• Python
With Pandas, exploring datasets is a game.
First I copy my Dataframe. That way I always have a clean copy.
I start slowly with pd.info()
, pd.describe()
and finally a pd.head()
. With pd.shape
I stay on Python or switch to Spark and that’s another story.
Let’s go a bit further, df.nunique()
to count the number of unique values in a column and then df[df.duplicated(keep=False)].sort_values("one_value")
. I look for duplicate rows, I want them all sorted and grouped by “one value”.
Then I create a smaller Dataframe according to a criterion. For example, I want to create a smaller dataframe,
cols = [col for col in n_df.columns if n_df[col].isnull().any()]; df_miss = n_df[cols]
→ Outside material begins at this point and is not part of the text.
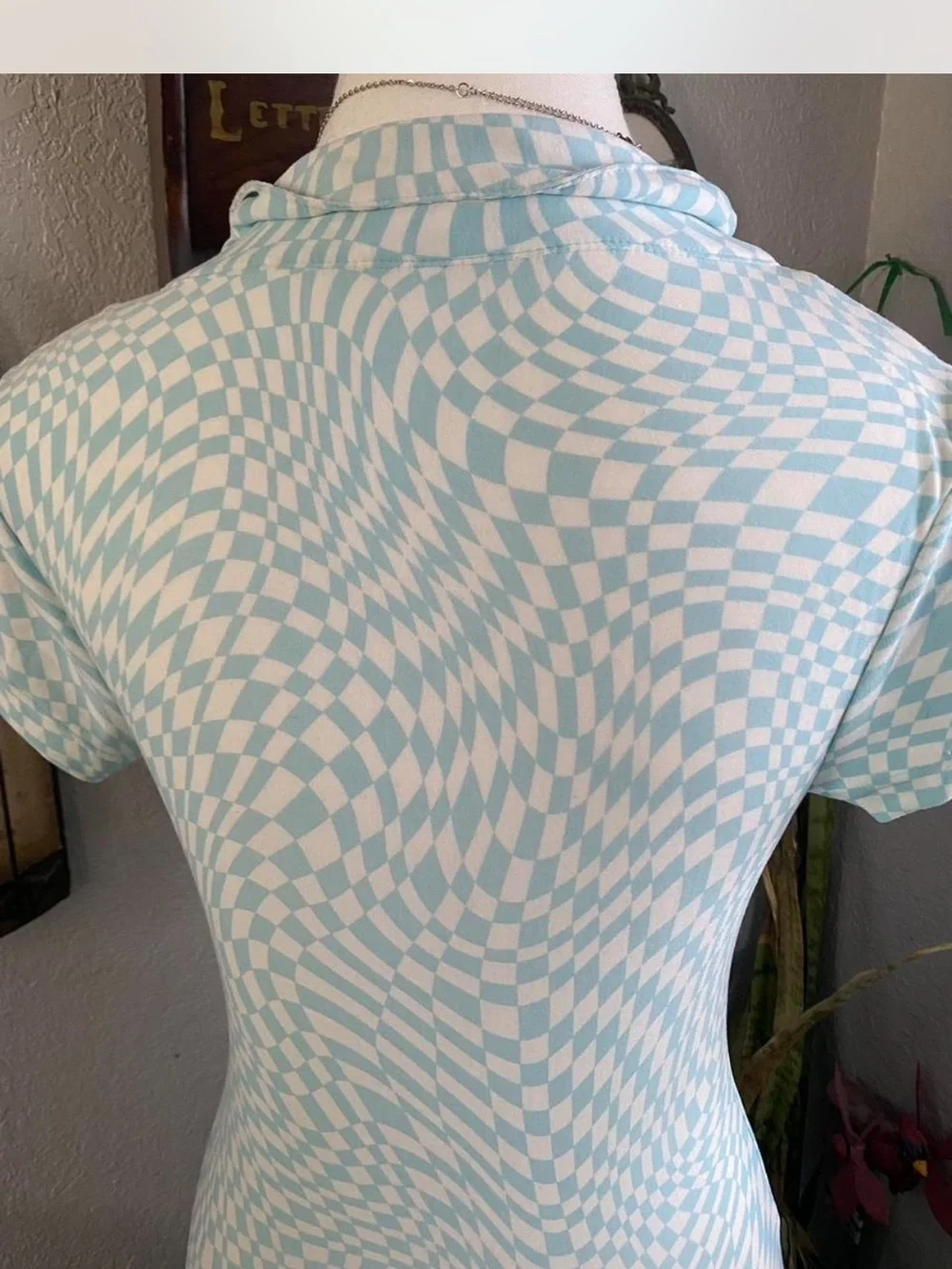 Light Blue Patterned Midi Button-Front Dress - Picture 7 of 7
to get a new Dataframe with only the columns containing the missing data. And df_miss.isna().sum()
to continue exploring this smaller Dataframe.
By taking a value(“US-HI”), we find it if it exists with
df[df.apply(lambda x: x.astype(str).str.contains(r'\bUS-HI\b')).any(axis=1)]
. For the whole data frame, if the type is str
, check that it contains exactly “US-HI” for any value in the column. The return is a Dataframe with the rows that contain this string.
And don’t forget %xdel
to delete unnecessary Dataframes.
Tomorrow, I will work about data clean… One more time!
So, step by step and keep learning!